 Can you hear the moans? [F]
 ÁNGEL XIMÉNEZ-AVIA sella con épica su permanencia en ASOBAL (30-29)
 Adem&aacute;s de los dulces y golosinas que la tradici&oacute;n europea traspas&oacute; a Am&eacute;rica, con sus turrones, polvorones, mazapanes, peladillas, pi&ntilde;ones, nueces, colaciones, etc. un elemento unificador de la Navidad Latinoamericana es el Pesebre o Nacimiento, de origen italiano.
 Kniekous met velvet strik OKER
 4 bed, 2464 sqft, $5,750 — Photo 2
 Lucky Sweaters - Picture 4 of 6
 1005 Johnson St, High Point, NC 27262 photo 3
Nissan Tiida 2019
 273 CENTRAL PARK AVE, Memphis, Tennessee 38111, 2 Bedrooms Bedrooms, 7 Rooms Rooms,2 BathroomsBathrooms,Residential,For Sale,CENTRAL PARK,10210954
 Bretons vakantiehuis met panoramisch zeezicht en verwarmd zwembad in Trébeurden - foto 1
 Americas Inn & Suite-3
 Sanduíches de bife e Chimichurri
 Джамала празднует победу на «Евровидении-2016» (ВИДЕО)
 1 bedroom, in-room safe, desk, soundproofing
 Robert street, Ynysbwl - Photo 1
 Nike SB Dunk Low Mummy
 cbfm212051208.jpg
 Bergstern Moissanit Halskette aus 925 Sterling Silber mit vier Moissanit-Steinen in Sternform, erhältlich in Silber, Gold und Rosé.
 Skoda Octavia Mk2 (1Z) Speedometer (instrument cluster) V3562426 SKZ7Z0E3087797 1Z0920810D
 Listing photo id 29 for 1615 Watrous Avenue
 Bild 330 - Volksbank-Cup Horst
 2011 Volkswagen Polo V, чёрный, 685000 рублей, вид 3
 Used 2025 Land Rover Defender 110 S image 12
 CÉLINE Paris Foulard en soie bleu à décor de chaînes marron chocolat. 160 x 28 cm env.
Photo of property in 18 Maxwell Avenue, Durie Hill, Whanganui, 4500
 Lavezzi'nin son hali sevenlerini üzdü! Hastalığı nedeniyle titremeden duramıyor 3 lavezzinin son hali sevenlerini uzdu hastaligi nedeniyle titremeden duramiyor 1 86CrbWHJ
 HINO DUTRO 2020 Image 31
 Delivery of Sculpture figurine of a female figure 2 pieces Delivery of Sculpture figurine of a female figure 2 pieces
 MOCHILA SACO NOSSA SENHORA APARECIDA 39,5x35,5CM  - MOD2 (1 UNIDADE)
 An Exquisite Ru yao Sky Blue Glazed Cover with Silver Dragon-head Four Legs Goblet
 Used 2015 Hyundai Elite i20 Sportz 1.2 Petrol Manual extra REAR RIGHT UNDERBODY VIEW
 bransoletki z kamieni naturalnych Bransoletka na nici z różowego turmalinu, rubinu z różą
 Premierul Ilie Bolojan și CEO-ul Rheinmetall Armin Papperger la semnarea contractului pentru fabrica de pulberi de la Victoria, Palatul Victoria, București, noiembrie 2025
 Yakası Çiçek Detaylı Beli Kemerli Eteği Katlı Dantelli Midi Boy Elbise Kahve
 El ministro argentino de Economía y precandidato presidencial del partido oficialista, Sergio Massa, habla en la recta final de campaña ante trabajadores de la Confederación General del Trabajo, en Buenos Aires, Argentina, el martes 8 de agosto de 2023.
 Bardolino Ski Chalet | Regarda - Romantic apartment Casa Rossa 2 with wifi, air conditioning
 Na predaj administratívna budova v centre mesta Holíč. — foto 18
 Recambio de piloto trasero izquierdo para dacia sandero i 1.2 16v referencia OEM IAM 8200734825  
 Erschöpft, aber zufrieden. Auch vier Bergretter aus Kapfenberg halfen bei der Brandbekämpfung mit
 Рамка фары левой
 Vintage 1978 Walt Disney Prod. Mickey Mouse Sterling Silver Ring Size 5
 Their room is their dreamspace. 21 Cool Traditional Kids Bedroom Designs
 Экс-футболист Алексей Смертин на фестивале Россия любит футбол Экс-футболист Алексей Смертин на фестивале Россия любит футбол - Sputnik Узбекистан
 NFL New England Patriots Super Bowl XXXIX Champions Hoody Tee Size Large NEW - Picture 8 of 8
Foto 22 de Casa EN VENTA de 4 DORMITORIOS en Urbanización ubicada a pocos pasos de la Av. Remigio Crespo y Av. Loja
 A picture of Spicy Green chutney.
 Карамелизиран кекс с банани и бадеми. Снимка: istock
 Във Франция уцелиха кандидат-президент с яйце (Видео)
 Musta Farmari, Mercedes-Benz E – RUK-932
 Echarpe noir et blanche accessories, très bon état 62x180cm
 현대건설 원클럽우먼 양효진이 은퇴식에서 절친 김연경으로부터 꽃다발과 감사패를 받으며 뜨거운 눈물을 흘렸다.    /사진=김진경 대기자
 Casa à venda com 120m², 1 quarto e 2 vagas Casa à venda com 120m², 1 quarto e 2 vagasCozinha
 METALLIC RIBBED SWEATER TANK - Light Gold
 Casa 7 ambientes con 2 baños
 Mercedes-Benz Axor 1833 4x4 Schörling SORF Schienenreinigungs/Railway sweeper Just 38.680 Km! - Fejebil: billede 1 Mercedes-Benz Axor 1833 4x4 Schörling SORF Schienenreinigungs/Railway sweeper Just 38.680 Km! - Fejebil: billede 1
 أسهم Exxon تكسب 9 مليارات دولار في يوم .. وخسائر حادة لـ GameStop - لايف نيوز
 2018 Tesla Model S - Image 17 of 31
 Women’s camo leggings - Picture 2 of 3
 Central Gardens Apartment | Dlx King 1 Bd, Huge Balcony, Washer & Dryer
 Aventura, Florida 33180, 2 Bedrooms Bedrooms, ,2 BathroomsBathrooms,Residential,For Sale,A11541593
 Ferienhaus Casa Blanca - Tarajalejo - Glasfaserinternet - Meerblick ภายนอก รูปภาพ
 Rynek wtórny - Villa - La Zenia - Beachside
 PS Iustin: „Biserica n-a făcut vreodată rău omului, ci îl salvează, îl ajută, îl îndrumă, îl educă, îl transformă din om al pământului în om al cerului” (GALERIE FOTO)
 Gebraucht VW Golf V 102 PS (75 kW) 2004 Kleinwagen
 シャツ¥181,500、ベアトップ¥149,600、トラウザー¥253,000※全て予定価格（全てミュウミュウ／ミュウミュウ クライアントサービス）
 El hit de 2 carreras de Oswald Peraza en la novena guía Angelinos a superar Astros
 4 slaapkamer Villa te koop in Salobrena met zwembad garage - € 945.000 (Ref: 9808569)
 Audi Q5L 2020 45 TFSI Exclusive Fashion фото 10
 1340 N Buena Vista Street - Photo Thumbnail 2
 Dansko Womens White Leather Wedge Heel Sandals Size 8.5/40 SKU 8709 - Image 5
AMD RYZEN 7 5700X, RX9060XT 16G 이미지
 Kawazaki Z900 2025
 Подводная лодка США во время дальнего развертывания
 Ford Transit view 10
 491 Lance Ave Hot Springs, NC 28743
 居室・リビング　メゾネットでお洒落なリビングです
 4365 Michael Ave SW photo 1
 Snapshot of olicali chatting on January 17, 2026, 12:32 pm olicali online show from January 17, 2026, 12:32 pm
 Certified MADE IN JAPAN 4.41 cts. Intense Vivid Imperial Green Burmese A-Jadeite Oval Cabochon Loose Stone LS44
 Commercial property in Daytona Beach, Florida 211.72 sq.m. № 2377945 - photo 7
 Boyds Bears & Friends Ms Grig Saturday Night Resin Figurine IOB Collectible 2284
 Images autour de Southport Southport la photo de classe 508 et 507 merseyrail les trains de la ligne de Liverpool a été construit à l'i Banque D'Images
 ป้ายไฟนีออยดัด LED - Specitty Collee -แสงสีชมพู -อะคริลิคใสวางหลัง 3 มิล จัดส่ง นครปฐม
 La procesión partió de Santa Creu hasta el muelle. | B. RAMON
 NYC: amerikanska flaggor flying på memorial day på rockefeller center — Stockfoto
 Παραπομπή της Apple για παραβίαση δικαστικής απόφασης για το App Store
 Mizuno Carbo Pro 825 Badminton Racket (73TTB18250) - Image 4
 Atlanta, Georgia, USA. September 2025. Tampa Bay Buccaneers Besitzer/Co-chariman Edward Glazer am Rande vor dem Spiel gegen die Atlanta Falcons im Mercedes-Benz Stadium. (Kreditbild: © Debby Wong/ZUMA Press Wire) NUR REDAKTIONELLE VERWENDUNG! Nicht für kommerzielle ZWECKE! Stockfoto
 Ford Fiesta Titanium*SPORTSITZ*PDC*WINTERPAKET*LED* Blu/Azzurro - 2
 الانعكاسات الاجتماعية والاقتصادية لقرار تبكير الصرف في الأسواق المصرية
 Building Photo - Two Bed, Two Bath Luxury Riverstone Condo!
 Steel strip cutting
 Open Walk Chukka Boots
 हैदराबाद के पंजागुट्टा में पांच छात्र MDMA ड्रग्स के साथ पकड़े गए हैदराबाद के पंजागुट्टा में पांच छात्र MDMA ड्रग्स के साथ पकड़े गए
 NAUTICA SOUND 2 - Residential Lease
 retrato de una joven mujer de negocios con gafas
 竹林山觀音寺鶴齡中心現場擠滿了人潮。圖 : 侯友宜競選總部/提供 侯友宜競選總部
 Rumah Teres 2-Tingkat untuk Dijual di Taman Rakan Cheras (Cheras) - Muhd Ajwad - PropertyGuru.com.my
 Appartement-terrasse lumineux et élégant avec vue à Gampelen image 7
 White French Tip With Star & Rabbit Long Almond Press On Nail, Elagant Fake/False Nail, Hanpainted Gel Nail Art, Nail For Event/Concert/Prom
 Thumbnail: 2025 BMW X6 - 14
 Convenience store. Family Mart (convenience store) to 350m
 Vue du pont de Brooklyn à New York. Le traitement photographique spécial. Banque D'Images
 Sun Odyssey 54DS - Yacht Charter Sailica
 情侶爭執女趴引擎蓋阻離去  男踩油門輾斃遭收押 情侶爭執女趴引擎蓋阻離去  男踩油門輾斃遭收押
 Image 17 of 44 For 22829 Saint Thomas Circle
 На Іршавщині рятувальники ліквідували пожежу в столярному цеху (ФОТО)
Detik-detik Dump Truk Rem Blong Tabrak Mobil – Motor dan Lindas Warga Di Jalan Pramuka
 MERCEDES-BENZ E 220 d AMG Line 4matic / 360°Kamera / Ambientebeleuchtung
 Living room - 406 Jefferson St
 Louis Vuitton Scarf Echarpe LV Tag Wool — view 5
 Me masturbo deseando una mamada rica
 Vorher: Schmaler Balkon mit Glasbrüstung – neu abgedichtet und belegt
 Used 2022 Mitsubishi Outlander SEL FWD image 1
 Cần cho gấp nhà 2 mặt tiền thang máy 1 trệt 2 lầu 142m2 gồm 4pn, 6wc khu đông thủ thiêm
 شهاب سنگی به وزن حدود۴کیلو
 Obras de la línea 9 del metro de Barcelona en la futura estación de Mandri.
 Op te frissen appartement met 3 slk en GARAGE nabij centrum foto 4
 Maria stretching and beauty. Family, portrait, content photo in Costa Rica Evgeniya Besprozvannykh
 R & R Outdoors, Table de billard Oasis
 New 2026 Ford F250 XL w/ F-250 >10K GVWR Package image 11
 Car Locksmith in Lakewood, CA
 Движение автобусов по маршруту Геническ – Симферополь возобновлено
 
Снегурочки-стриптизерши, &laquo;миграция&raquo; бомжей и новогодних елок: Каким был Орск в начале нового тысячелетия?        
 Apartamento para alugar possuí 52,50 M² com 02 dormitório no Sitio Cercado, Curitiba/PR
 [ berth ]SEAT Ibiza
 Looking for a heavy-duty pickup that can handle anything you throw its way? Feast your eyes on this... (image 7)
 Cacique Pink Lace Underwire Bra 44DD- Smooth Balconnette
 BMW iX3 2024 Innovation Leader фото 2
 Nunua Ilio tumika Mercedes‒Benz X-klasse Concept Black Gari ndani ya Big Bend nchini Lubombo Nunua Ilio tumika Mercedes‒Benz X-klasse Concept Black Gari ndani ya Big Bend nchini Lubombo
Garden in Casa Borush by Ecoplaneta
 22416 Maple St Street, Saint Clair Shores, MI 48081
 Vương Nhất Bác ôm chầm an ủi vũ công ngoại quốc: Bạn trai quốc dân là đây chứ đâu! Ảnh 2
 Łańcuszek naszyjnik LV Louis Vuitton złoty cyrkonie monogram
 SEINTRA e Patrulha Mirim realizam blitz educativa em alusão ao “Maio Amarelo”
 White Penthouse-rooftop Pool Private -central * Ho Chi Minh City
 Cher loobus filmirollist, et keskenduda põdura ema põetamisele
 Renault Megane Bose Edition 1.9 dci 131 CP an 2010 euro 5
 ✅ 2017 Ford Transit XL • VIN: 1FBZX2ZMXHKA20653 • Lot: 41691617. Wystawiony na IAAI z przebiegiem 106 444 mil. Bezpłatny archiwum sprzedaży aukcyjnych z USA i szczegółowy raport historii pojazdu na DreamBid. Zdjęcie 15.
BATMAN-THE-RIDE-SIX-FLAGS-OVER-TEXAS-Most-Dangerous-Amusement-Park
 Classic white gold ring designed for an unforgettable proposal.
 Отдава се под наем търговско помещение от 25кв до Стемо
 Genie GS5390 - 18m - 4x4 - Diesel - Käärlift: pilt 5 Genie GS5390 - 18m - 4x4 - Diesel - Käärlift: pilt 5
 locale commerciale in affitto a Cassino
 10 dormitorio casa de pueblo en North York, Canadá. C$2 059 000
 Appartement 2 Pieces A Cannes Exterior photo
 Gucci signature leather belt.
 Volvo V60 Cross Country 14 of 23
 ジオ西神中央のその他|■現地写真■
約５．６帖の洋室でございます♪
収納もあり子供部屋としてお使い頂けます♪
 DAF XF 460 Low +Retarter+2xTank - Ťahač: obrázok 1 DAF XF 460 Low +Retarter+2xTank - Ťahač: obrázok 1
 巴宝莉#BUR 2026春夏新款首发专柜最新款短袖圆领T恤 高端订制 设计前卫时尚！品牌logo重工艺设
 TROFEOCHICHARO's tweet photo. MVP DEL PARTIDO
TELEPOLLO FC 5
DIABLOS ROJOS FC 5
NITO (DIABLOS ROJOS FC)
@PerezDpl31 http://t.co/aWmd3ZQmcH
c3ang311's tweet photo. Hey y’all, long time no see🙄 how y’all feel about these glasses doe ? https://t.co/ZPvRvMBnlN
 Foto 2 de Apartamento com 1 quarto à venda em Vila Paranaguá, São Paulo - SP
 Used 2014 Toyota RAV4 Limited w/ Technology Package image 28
——
• **AIM OF THE EXERCISE**: Extract each line from the entries above that contains the string "Sterling".

• **ANSWER FOR THIS EXERCISE**:
 Bergstern Moissanit Halskette aus 925 Sterling Silber mit vier Moissanit-Steinen in Sternform, erhältlich in Silber, Gold und Rosé.
 Vintage 1978 Walt Disney Prod. Mickey Mouse Sterling Silver Ring Size 5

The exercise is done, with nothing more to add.